WORK ITEM ▸ Though the entries contain pictures, the copy you make should hold only the rest, exactly as written.

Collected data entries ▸
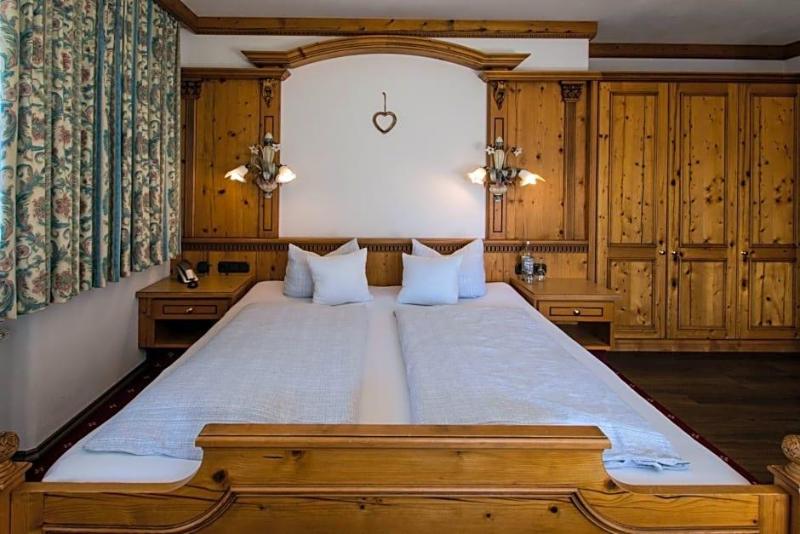 Hotel Rosenhof image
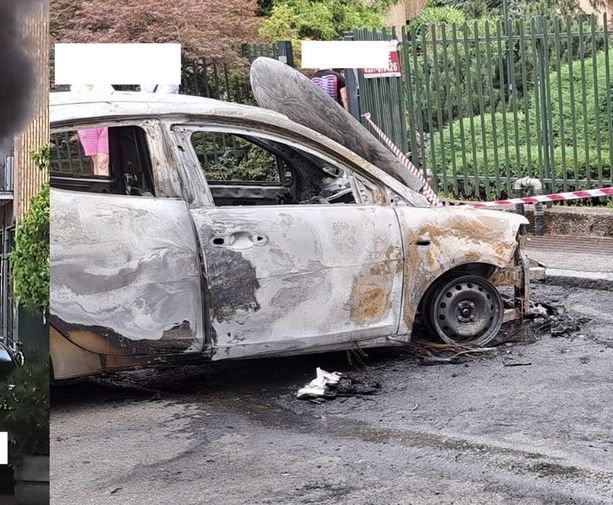 Due vetture a fuoco, paura nel cuore di Busto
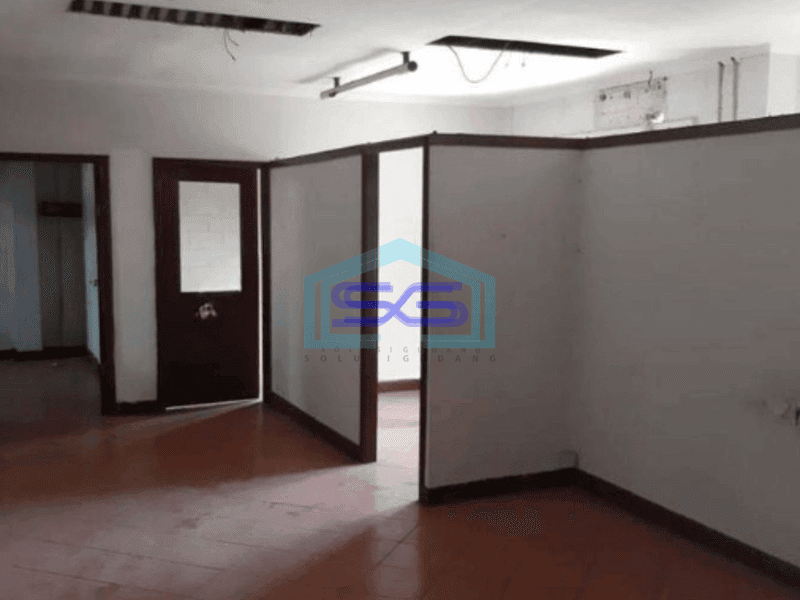 Dijual Gudang Bebas Banjir Luas Bangunan 500 m² Lokasi Strategis di Kebon Jeruk Jakarta Barat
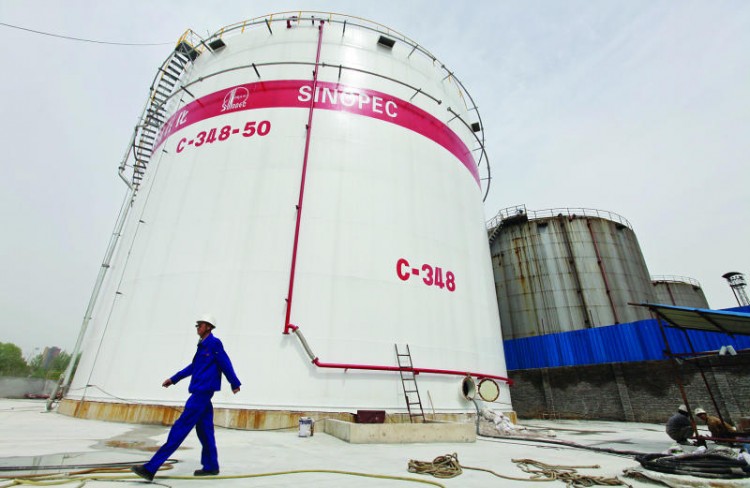 Aramco and Sinopec Refinery Loading Second Cargo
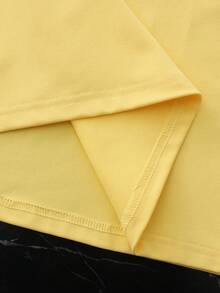 Franclia 时尚黄色面料两件套女装，圆领短袖上衣搭配带口袋的休闲裤；休闲纯色黄色两件套女装，短袖上衣搭配带蕾丝细节的长裤；时尚女士黄色两件套，纯色短袖上衣搭配带口袋的长裤；女士纯色黄色两件套，圆领短袖T恤搭配带口袋的长裤。 - 黃色 - 查看 3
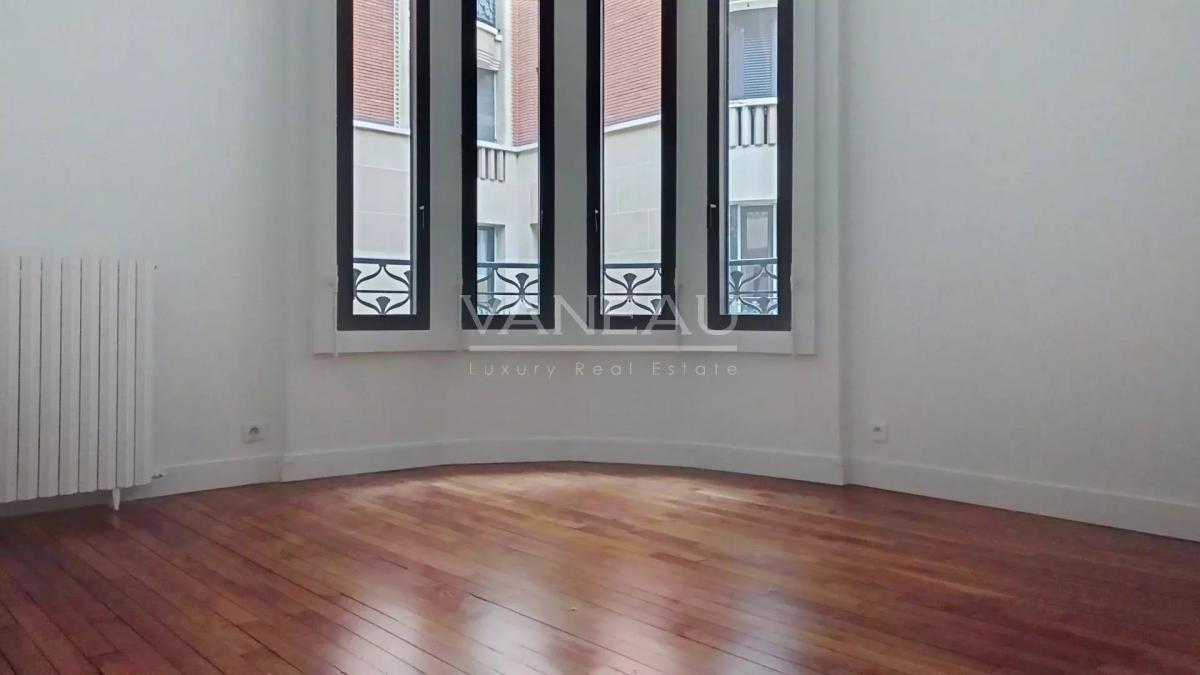 Paris VIII - Appartement en 1er étage avec deux chambres - rue C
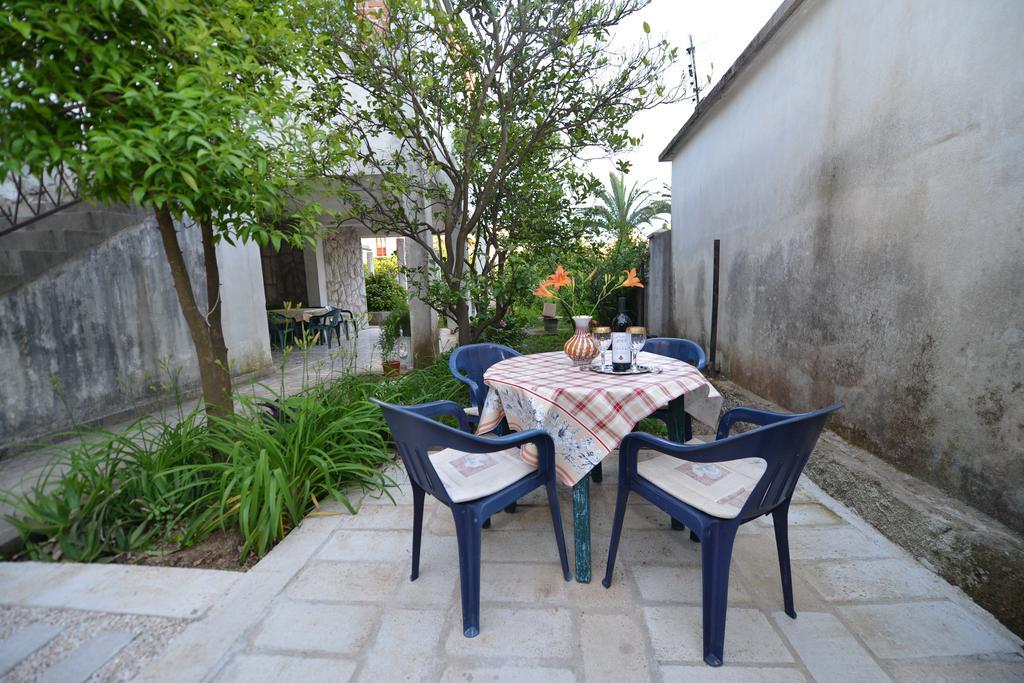 טיווט Apartments Simonovic מראה חיצוני תמונה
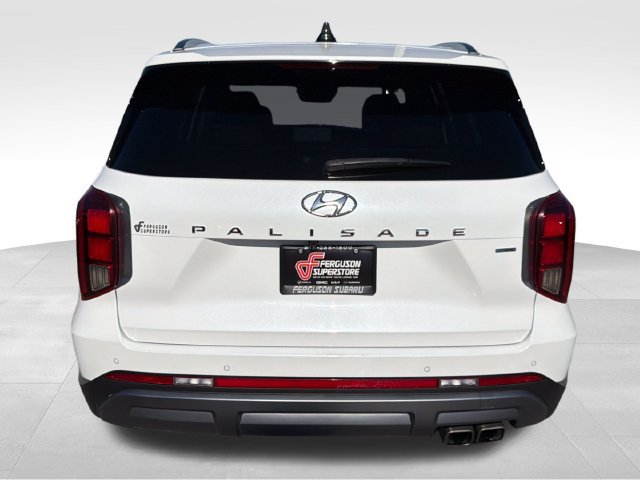 Used 2023 Hyundai Palisade Limited w/ Winter Package AWD/4WD image 6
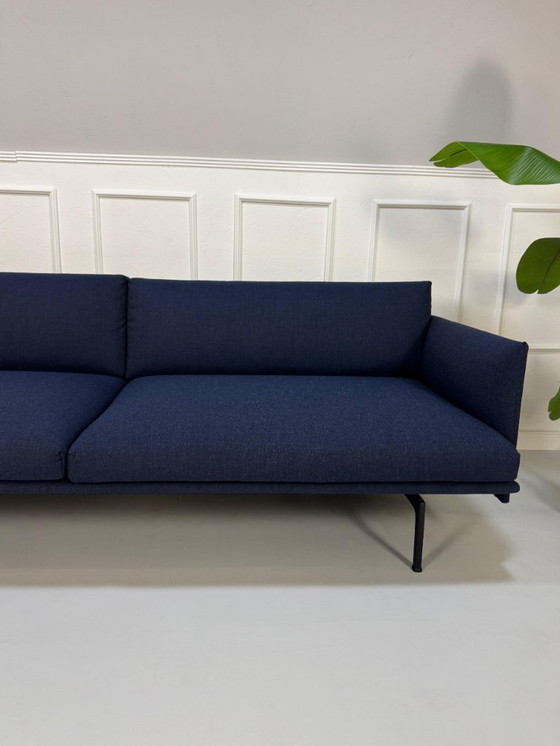 Image 1 of Muuto Modello Outline Divano 3 posti in tessuto blu scuro Divano di design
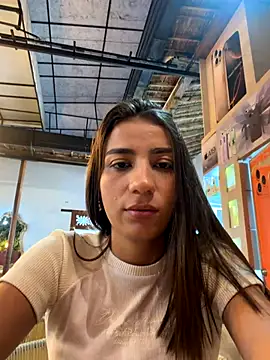 Snapshot of -juicy_ chatting on 11.12.25 -juicy online show from 11.12.25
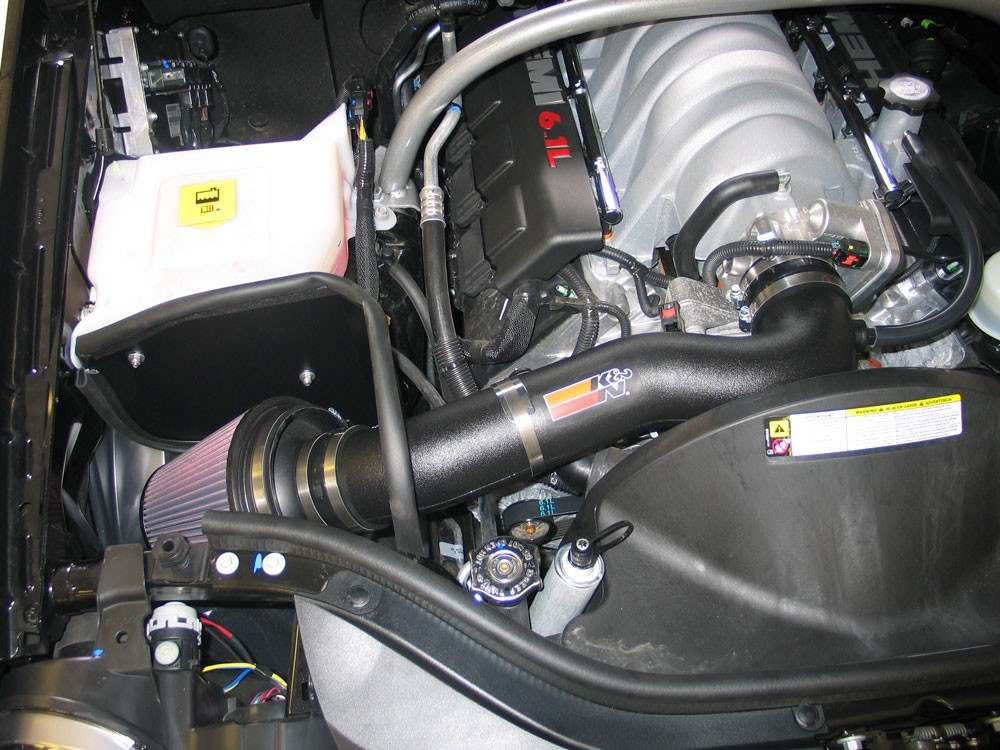 K&N Engineering K&N 06-10 Jeep Grand Cherokee 6.1L V8 Performance Intake Kit 57-1555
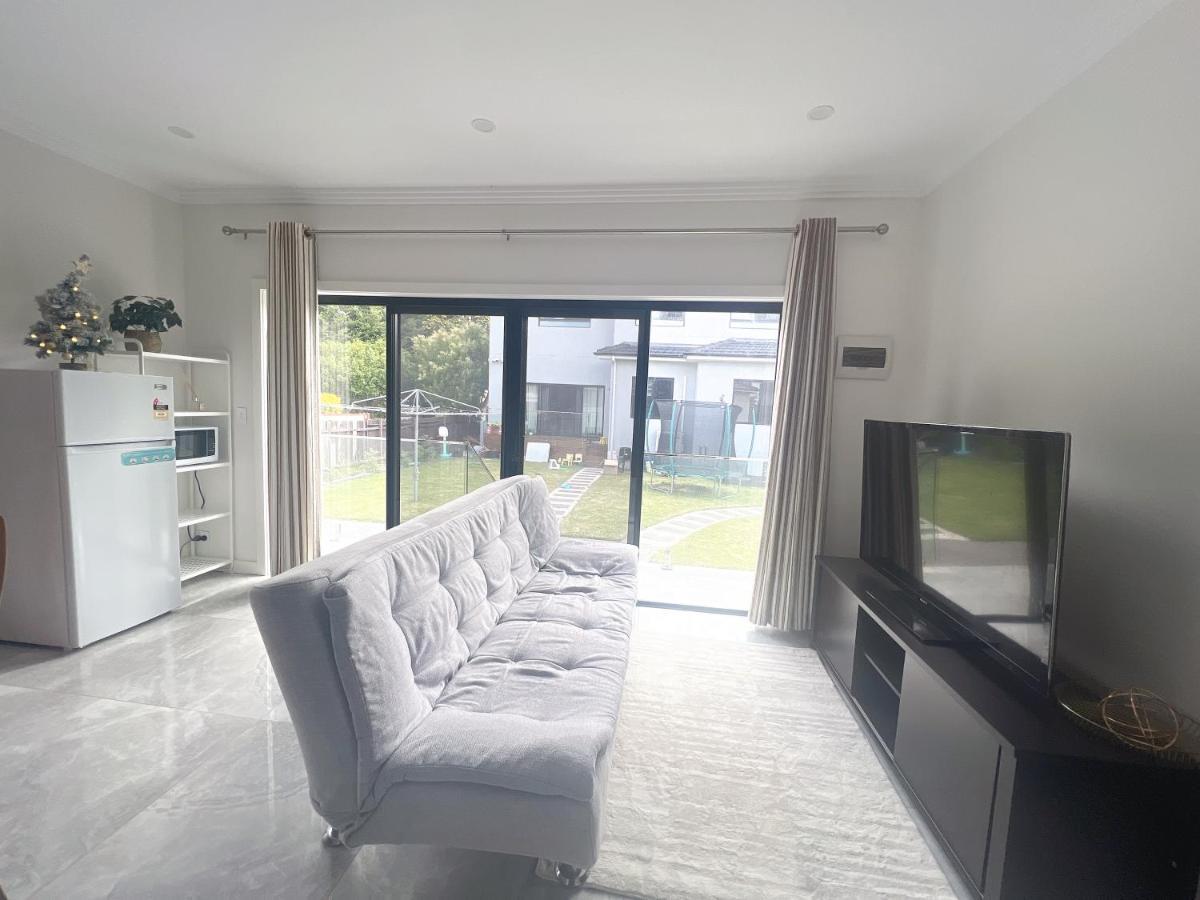Entire New Granny Flat With 3 Bedrooms 2 Bathrooms Bahay bakasyunan Sydney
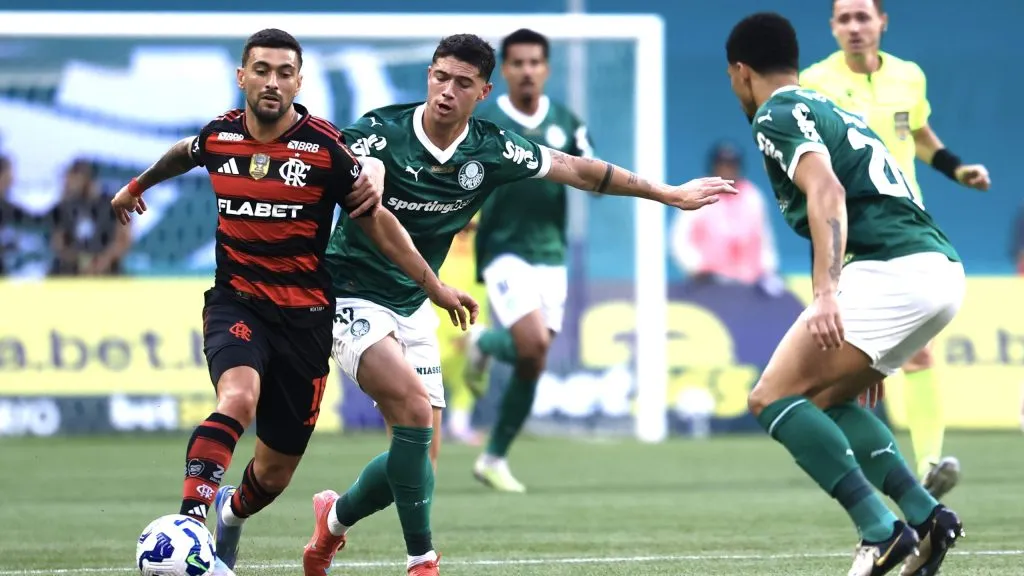 Emiliano martinez jogador do Palmeiras disputa lance com De Arrascaeta jogador do Flamengo durante partida no estádio Arena Allianz Parque pelo campeonato Brasileiro A 2025. Foto: Marcello Zambrana/AGIF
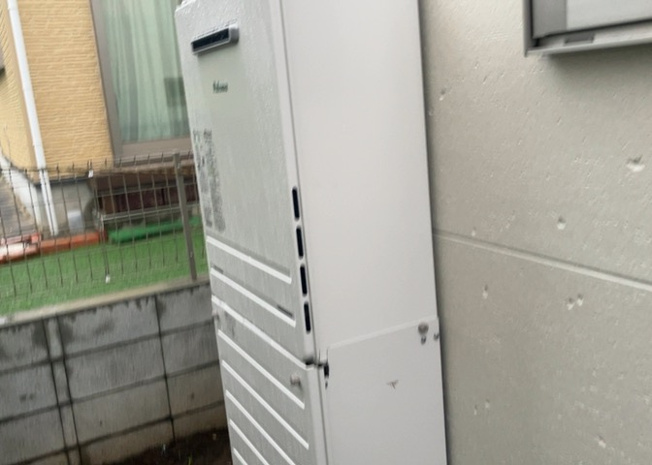 【発電・温水設備】 | 宮下町新築戸建 | 家計と環境に優しい太陽光発電システムを搭載。自家発電した電気を利用することで毎月の光熱費を削減できます。さらに省エネ給湯器も完備しており、お湯の残量を気にせず効率よく経済的にご使用いただけます。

EXERCISE ANSWER ▸
 Hotel Rosenhof image
 Due vetture a fuoco, paura nel cuore di Busto
 Dijual Gudang Bebas Banjir Luas Bangunan 500 m² Lokasi Strategis di Kebon Jeruk Jakarta Barat
 Aramco and Sinopec Refinery Loading Second Cargo
 Franclia 时尚黄色面料两件套女装，圆领短袖上衣搭配带口袋的休闲裤；休闲纯色黄色两件套女装，短袖上衣搭配带蕾丝细节的长裤；时尚女士黄色两件套，纯色短袖上衣搭配带口袋的长裤；女士纯色黄色两件套，圆领短袖T恤搭配带口袋的长裤。 - 黃色 - 查看 3
 Paris VIII - Appartement en 1er étage avec deux chambres - rue C
 טיווט Apartments Simonovic מראה חיצוני תמונה
 Used 2023 Hyundai Palisade Limited w/ Winter Package AWD/4WD image 6
 Image 1 of Muuto Modello Outline Divano 3 posti in tessuto blu scuro Divano di design
 Snapshot of -juicy_ chatting on 11.12.25 -juicy online show from 11.12.25
 K&N Engineering K&N 06-10 Jeep Grand Cherokee 6.1L V8 Performance Intake Kit 57-1555
Entire New Granny Flat With 3 Bedrooms 2 Bathrooms Bahay bakasyunan Sydney
 Emiliano martinez jogador do Palmeiras disputa lance com De Arrascaeta jogador do Flamengo durante partida no estádio Arena Allianz Parque pelo campeonato Brasileiro A 2025. Foto: Marcello Zambrana/AGIF
 【発電・温水設備】 | 宮下町新築戸建 | 家計と環境に優しい太陽光発電システムを搭載。自家発電した電気を利用することで毎月の光熱費を削減できます。さらに省エネ給湯器も完備しており、お湯の残量を気にせず効率よく経済的にご使用いただけます。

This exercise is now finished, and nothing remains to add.